■ **What is being asked**
Nothing but the lines below from the one that contains "Bethel Polished Nickel" through the one that contains "Lit jack-o'-lantern autumn" should be retyped, exactly and including both ends. Do not include pictures.

■ **Source information**

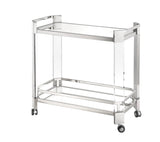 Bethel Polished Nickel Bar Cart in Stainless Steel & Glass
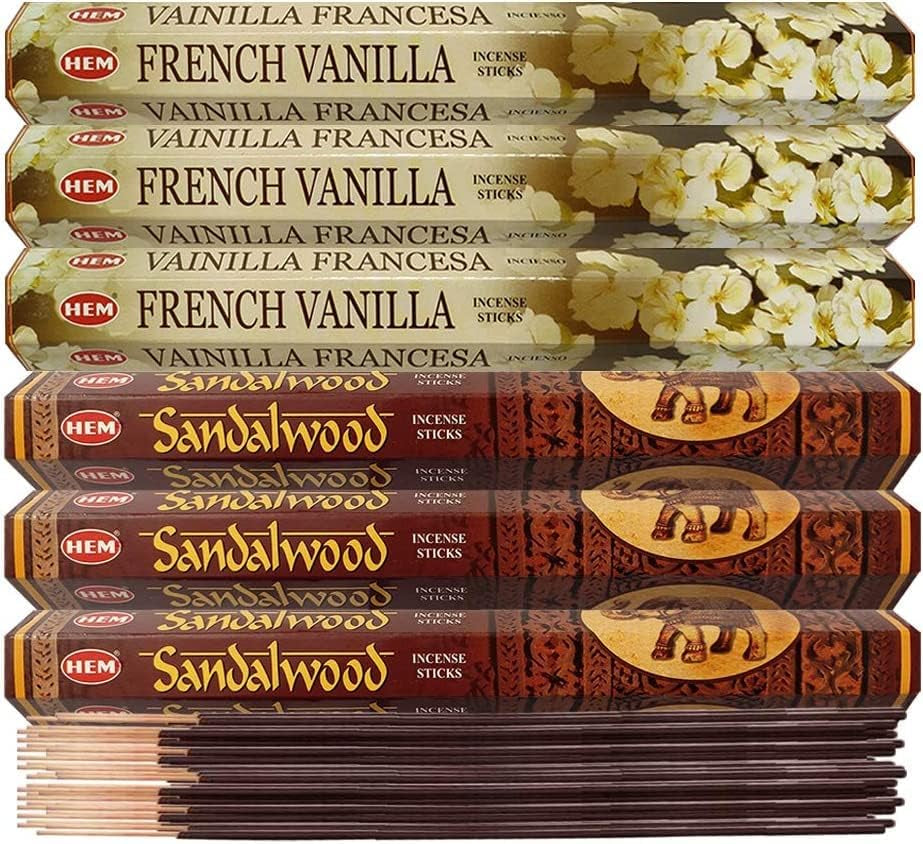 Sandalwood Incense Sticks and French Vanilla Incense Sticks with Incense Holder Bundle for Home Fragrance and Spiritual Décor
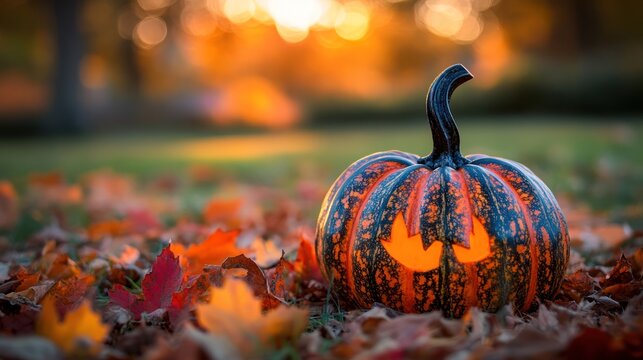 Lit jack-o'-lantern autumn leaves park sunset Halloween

---

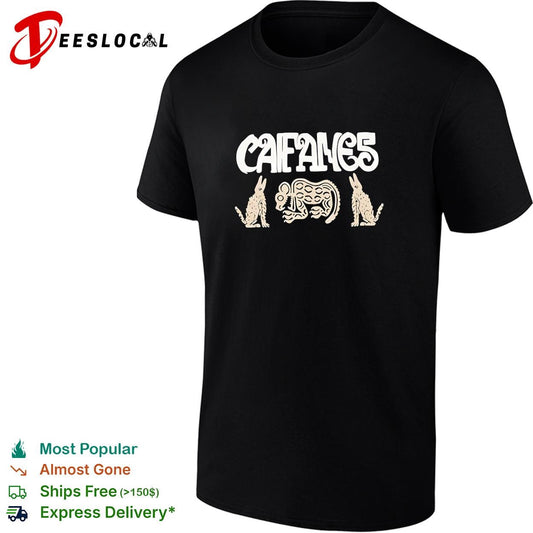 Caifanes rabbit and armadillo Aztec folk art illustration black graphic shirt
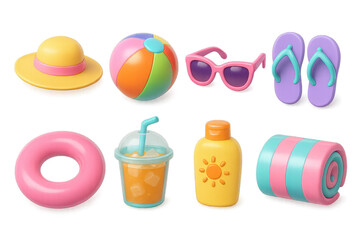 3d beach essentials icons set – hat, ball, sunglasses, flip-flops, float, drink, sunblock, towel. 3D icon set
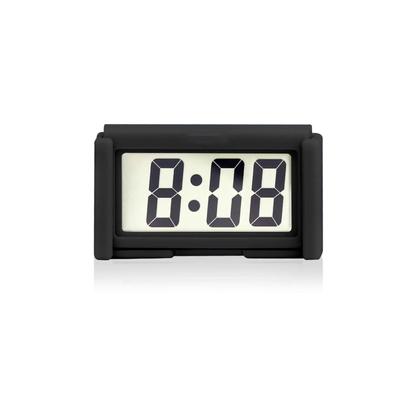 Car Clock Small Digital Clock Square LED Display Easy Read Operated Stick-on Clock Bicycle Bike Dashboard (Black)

■ **Your response**
 Bethel Polished Nickel Bar Cart in Stainless Steel & Glass
 Sandalwood Incense Sticks and French Vanilla Incense Sticks with Incense Holder Bundle for Home Fragrance and Spiritual Décor
 Lit jack-o'-lantern autumn leaves park sunset Halloween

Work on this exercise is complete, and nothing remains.